● **Provided data**

# # # #

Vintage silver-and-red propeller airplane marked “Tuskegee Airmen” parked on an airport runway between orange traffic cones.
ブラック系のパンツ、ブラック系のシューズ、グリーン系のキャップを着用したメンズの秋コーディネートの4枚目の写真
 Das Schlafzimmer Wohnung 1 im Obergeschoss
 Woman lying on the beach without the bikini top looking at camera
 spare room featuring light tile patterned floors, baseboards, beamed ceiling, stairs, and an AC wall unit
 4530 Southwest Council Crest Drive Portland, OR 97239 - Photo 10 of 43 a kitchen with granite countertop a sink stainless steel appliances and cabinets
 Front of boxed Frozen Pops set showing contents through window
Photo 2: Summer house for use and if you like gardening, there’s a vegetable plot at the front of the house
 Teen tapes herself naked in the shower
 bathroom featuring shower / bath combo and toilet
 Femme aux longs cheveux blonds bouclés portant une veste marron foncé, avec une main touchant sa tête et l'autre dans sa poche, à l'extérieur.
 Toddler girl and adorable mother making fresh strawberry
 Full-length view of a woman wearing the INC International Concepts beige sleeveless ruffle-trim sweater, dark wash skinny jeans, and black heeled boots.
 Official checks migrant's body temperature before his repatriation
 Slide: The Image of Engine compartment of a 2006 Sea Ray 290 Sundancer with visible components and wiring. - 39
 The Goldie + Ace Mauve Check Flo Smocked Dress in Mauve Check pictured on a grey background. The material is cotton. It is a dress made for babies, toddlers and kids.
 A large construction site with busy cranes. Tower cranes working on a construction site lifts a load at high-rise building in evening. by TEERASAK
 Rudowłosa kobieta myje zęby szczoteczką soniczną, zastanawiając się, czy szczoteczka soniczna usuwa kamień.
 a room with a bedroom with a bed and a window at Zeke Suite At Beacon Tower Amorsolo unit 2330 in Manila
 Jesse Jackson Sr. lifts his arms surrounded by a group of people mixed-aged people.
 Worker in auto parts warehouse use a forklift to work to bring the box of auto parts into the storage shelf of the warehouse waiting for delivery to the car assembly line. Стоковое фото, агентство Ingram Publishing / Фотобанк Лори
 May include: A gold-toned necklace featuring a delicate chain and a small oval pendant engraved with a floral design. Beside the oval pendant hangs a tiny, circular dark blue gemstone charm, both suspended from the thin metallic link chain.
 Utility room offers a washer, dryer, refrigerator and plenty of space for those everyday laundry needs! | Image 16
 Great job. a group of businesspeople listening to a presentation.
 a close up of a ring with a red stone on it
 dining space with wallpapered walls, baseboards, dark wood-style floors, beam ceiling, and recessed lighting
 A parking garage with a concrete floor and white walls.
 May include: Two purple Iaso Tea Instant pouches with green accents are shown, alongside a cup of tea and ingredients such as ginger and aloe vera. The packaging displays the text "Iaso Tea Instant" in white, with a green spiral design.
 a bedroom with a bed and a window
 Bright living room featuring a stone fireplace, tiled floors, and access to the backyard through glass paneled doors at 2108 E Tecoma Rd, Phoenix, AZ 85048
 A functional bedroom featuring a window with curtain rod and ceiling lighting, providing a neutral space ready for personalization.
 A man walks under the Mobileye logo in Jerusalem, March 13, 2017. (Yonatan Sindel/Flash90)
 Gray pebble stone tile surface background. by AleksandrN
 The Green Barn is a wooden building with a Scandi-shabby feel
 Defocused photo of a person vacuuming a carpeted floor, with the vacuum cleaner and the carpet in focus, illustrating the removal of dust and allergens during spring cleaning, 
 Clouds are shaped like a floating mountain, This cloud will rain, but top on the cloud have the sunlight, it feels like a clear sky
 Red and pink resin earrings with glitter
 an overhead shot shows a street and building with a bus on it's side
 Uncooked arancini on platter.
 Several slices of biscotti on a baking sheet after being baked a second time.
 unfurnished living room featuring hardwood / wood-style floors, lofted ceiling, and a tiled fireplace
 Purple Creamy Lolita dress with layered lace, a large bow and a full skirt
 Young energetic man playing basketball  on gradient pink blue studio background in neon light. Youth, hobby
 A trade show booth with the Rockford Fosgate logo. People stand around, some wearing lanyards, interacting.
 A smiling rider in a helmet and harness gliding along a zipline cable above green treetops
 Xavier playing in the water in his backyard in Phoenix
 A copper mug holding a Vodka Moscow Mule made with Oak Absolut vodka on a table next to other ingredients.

# # # #

Your output should match the records above word for word.

Vintage silver-and-red propeller airplane marked “Tuskegee Airmen” parked on an airport runway between orange traffic cones.
ブラック系のパンツ、ブラック系のシューズ、グリーン系のキャップを着用したメンズの秋コーディネートの4枚目の写真
 Das Schlafzimmer Wohnung 1 im Obergeschoss
 Woman lying on the beach without the bikini top looking at camera
 spare room featuring light tile patterned floors, baseboards, beamed ceiling, stairs, and an AC wall unit
 4530 Southwest Council Crest Drive Portland, OR 97239 - Photo 10 of 43 a kitchen with granite countertop a sink stainless steel appliances and cabinets
 Front of boxed Frozen Pops set showing contents through window
Photo 2: Summer house for use and if you like gardening, there’s a vegetable plot at the front of the house
 Teen tapes herself naked in the shower
 bathroom featuring shower / bath combo and toilet
 Femme aux longs cheveux blonds bouclés portant une veste marron foncé, avec une main touchant sa tête et l'autre dans sa poche, à l'extérieur.
 Toddler girl and adorable mother making fresh strawberry
 Full-length view of a woman wearing the INC International Concepts beige sleeveless ruffle-trim sweater, dark wash skinny jeans, and black heeled boots.
 Official checks migrant's body temperature before his repatriation
 Slide: The Image of Engine compartment of a 2006 Sea Ray 290 Sundancer with visible components and wiring. - 39
 The Goldie + Ace Mauve Check Flo Smocked Dress in Mauve Check pictured on a grey background. The material is cotton. It is a dress made for babies, toddlers and kids.
 A large construction site with busy cranes. Tower cranes working on a construction site lifts a load at high-rise building in evening. by TEERASAK
 Rudowłosa kobieta myje zęby szczoteczką soniczną, zastanawiając się, czy szczoteczka soniczna usuwa kamień.
 a room with a bedroom with a bed and a window at Zeke Suite At Beacon Tower Amorsolo unit 2330 in Manila
 Jesse Jackson Sr. lifts his arms surrounded by a group of people mixed-aged people.
 Worker in auto parts warehouse use a forklift to work to bring the box of auto parts into the storage shelf of the warehouse waiting for delivery to the car assembly line. Стоковое фото, агентство Ingram Publishing / Фотобанк Лори
 May include: A gold-toned necklace featuring a delicate chain and a small oval pendant engraved with a floral design. Beside the oval pendant hangs a tiny, circular dark blue gemstone charm, both suspended from the thin metallic link chain.
 Utility room offers a washer, dryer, refrigerator and plenty of space for those everyday laundry needs! | Image 16
 Great job. a group of businesspeople listening to a presentation.
 a close up of a ring with a red stone on it
 dining space with wallpapered walls, baseboards, dark wood-style floors, beam ceiling, and recessed lighting
 A parking garage with a concrete floor and white walls.
 May include: Two purple Iaso Tea Instant pouches with green accents are shown, alongside a cup of tea and ingredients such as ginger and aloe vera. The packaging displays the text "Iaso Tea Instant" in white, with a green spiral design.
 a bedroom with a bed and a window
 Bright living room featuring a stone fireplace, tiled floors, and access to the backyard through glass paneled doors at 2108 E Tecoma Rd, Phoenix, AZ 85048
 A functional bedroom featuring a window with curtain rod and ceiling lighting, providing a neutral space ready for personalization.
 A man walks under the Mobileye logo in Jerusalem, March 13, 2017. (Yonatan Sindel/Flash90)
 Gray pebble stone tile surface background. by AleksandrN
 The Green Barn is a wooden building with a Scandi-shabby feel
 Defocused photo of a person vacuuming a carpeted floor, with the vacuum cleaner and the carpet in focus, illustrating the removal of dust and allergens during spring cleaning, 
 Clouds are shaped like a floating mountain, This cloud will rain, but top on the cloud have the sunlight, it feels like a clear sky
 Red and pink resin earrings with glitter
 an overhead shot shows a street and building with a bus on it's side
 Uncooked arancini on platter.
 Several slices of biscotti on a baking sheet after being baked a second time.
 unfurnished living room featuring hardwood / wood-style floors, lofted ceiling, and a tiled fireplace
 Purple Creamy Lolita dress with layered lace, a large bow and a full skirt
 Young energetic man playing basketball  on gradient pink blue studio background in neon light. Youth, hobby
 A trade show booth with the Rockford Fosgate logo. People stand around, some wearing lanyards, interacting.
 A smiling rider in a helmet and harness gliding along a zipline cable above green treetops
 Xavier playing in the water in his backyard in Phoenix
 A copper mug holding a Vodka Moscow Mule made with Oak Absolut vodka on a table next to other ingredients.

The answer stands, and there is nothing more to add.